Great Fire of London

Tuesday, 31 October 2023 - 11:00 am (CET/MEZ) Berlin | Author/Destination:
Category/Kategorie: General, Architecture, London
Reading Time:  17 minutes

Monument to the Great Fire of London and Pudding Lane © flickr.com - It's No Game/cc-by-2.0

Monument to the Great Fire of London and Pudding Lane © flickr.com – It’s No Game/cc-by-2.0

The Great Fire of London was a major conflagration that swept through central London from Sunday 2 September to Thursday 6 September 1666, gutting the medieval City of London inside the old Roman city wall, while also extending past the wall to the west. The death toll is generally thought to have been relatively small, although some historians have challenged this belief.

The fire started in a bakery in Pudding Lane shortly after midnight on Sunday 2 September, and spread rapidly. The use of the major firefighting technique of the time, the creation of firebreaks by means of removing structures in the fire’s path, was critically delayed due to the indecisiveness of the Lord Mayor, Sir Thomas Bloodworth. By the time large-scale demolitions were ordered on Sunday night, the wind had already fanned the bakery fire into a firestorm which defeated such measures. The fire pushed north on Monday into the heart of the City. Order in the streets broke down as rumours arose of suspicious foreigners setting fires. The fears of the homeless focused on the French and Dutch, England’s enemies in the ongoing Second Anglo-Dutch War; these substantial immigrant groups became victims of street violence. On Tuesday, the fire spread over nearly the whole City, destroying St Paul’s Cathedral and leaping the River Fleet to threaten Charles II‘s court at Whitehall. Coordinated firefighting efforts were simultaneously getting underway. The battle to put out the fire is considered to have been won by two key factors: the strong east wind dropped, and the Tower of London garrison used gunpowder to create effective firebreaks, halting further spread eastward.

The social and economic problems created by the disaster were overwhelming. Flight from London and settlement elsewhere were strongly encouraged by Charles II, who feared a London rebellion amongst the dispossessed refugees. Various schemes for rebuilding the city were proposed, some of them very radical. After the fire, London was reconstructed on essentially the same medieval street plan, which still exists today.

By the 1660s, London was by far the largest city in Britain and the third largest in the Western world, estimated at 300,000 to 400,000 inhabitants.

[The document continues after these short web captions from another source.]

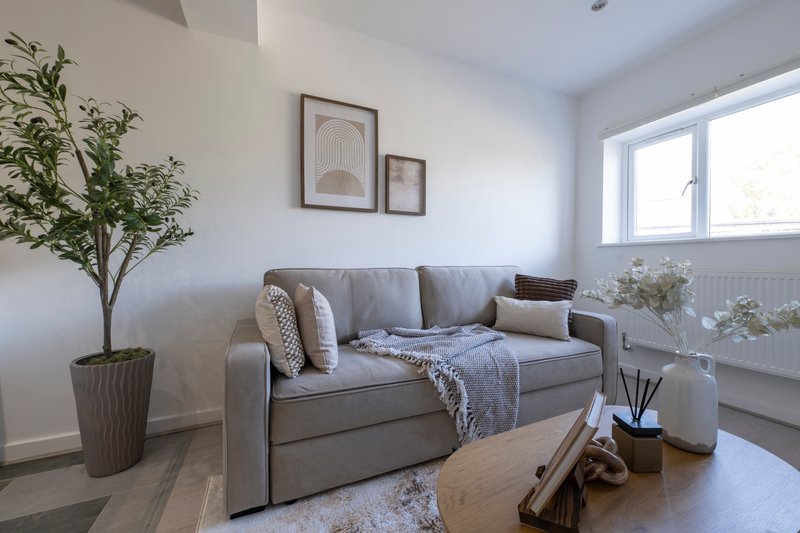 Bright living room with grey sofa, wooden coffee table, potted plant and framed wall art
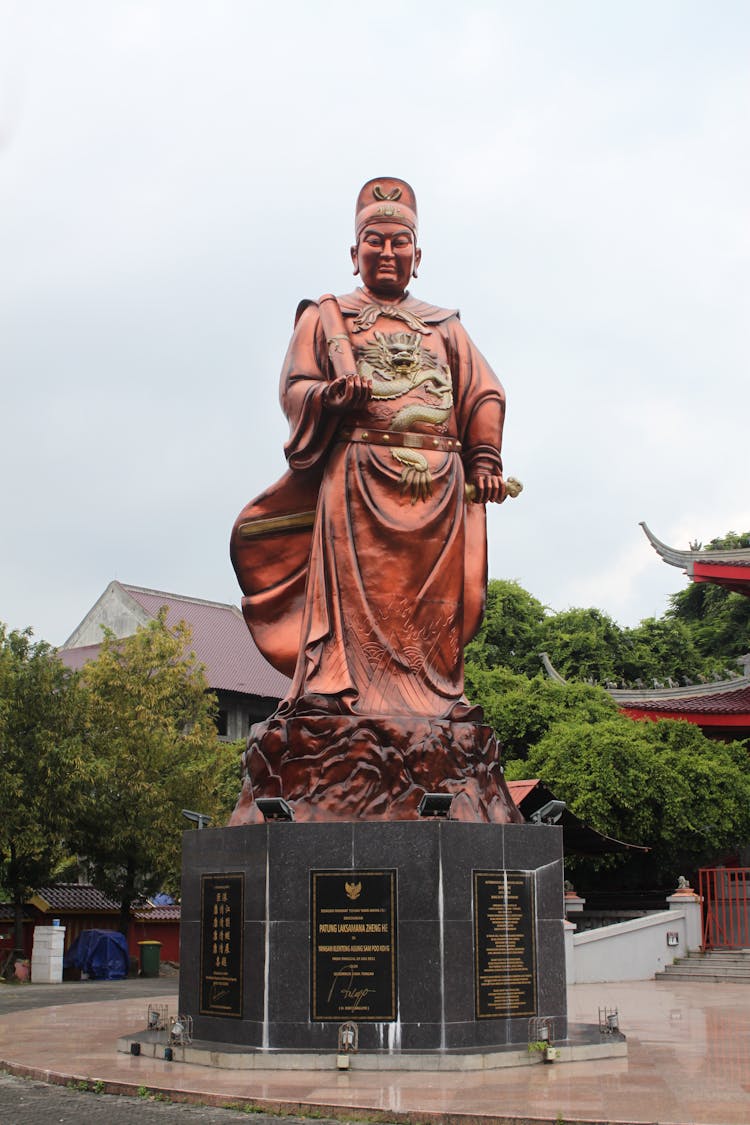 Statue Of Admiral Zheng He In Sam Poo Kong Temple
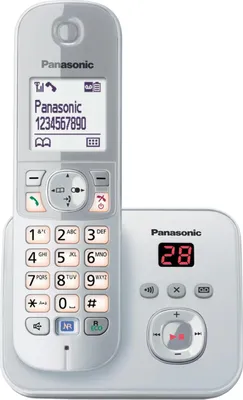 Zdjęcie produktu dla Panasonic KX-TG6821GS, Telefon w systemie DECT, 120 wejścia, Nazwa i identyfikacja dzwoniącego, Srebrny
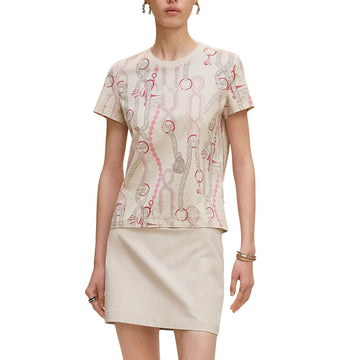 HERMES Palefroi Remix ストレート Tシャツ H5H4628DSIX38 147448192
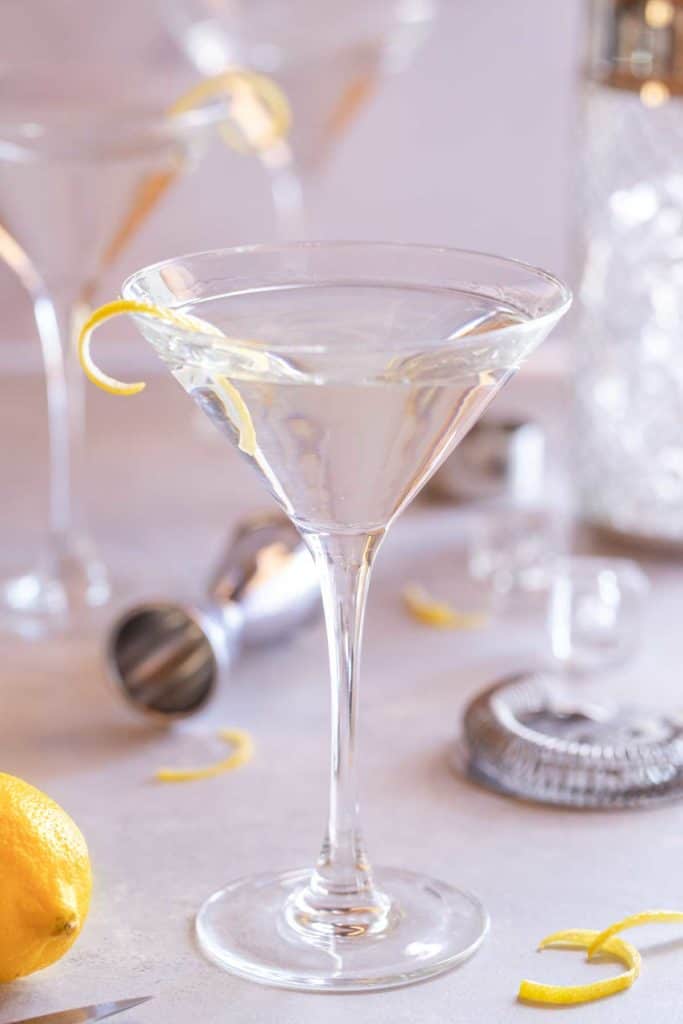 Martini glass filled with Vodka Martini with a Twist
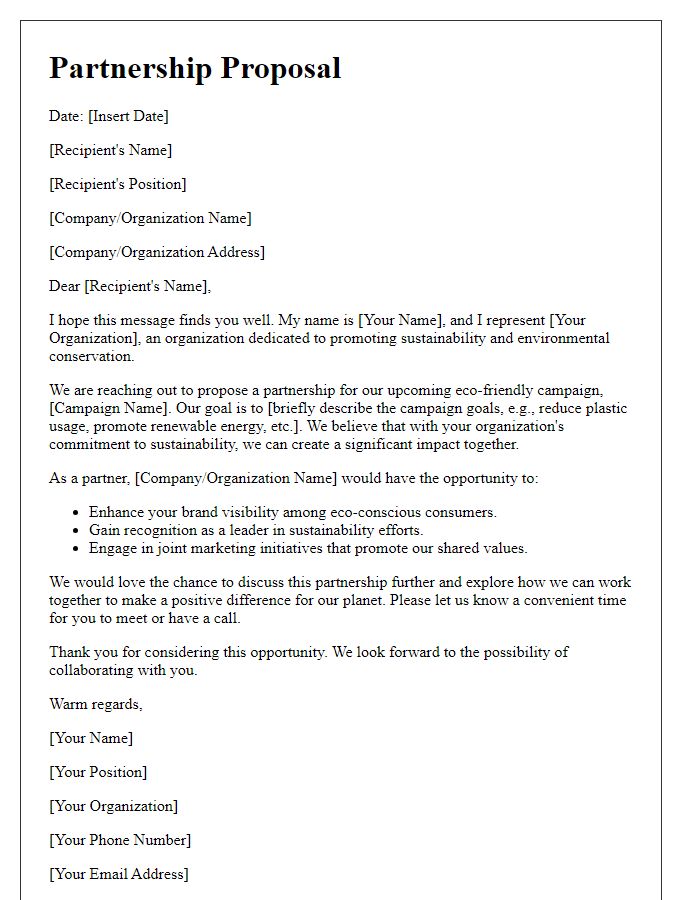 Letter template of partnership proposal for an eco-friendly campaign.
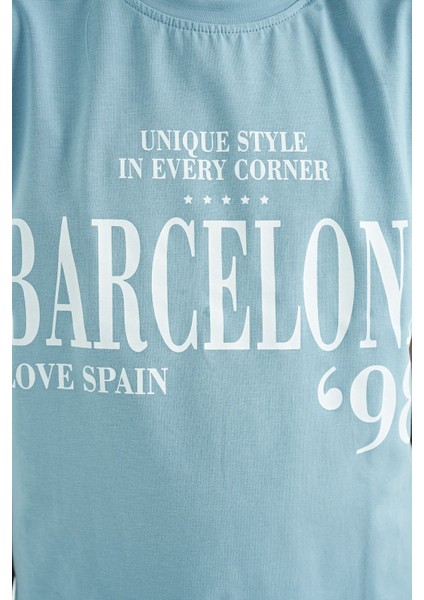Açık Mavi O Yaka Yazı Baskılı Düşük Omuz Oversize Kız Çocuk T-Shirt - 75115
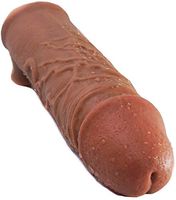 Amalgo 2020 New Brown 11.2 Inch Realistic Hot Penies S-Leeve Ring for Men Reusable Strentch Length Can Be 15 Inch Realistico Extender Enlargement Sheath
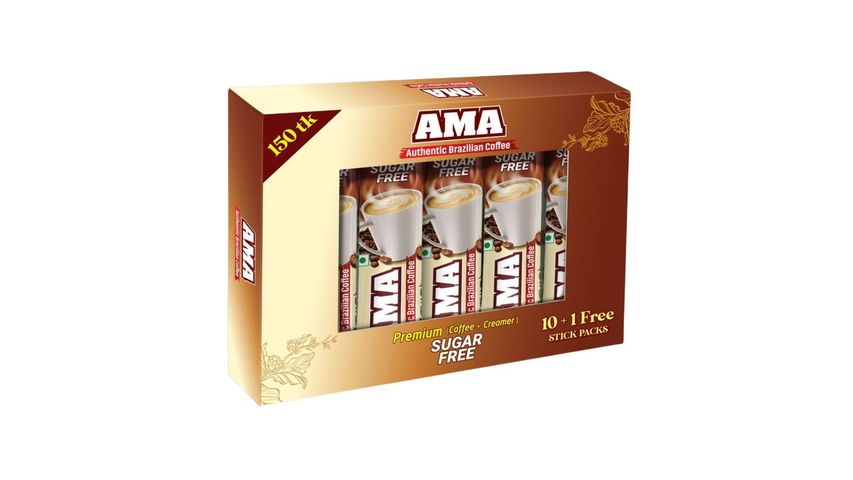 Ama Authentic Brazilian Sugar Free Coffee Sticks Packet 165g (Buy 10 & Get 1 Free)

John Evelyn, contrasting London to the Baroque magnificence of Paris in 1659, called it a “wooden, northern, and inartificial congestion of Houses”. By “inartificial”, Evelyn meant unplanned and makeshift, the result of organic growth and unregulated urban sprawl. London had been a Roman settlement for four centuries and had become progressively more crowded inside its defensive city wall. It had also pushed outwards beyond the wall into squalid extramural slums such as Shoreditch, Holborn, and Southwark, and had reached far enough to include the independent City of Westminster. By the late 17th century, the City proper—the area bounded by the city wall and the River Thames—was only a part of London, covering some 700 acres (2.8 km²; 1.1 sq mi), and home to about 80,000 people, or one quarter of London’s inhabitants. The City was surrounded by a ring of inner suburbs where most Londoners lived. The City was then, as now, the commercial heart of the capital, and was the largest market and busiest port in England, dominated by the trading and manufacturing classes. The City was traffic-clogged, polluted, and unhealthy, especially after it was hit by a devastating outbreak of bubonic plague in the Plague Year of 1665. The relationship between the City and the Crown was often tense. The City of London had been a stronghold of republicanism during the English Civil War (1642–1651), and the wealthy and economically dynamic capital still had the potential to be a threat to Charles II, as had been demonstrated by several republican uprisings in London in the early 1660s. The City magistrates were of the generation that had fought in the Civil War, and could remember how Charles I‘s grab for absolute power had led to that national trauma. They were determined to thwart any similar tendencies in his son, and when the Great Fire threatened the City, they refused the offers that Charles made of soldiers and other resources. Even in such an emergency, the idea of having the unpopular royal troops ordered into the City was political dynamite. By the time that Charles took over command from the ineffectual Lord Mayor, the fire was already out of control.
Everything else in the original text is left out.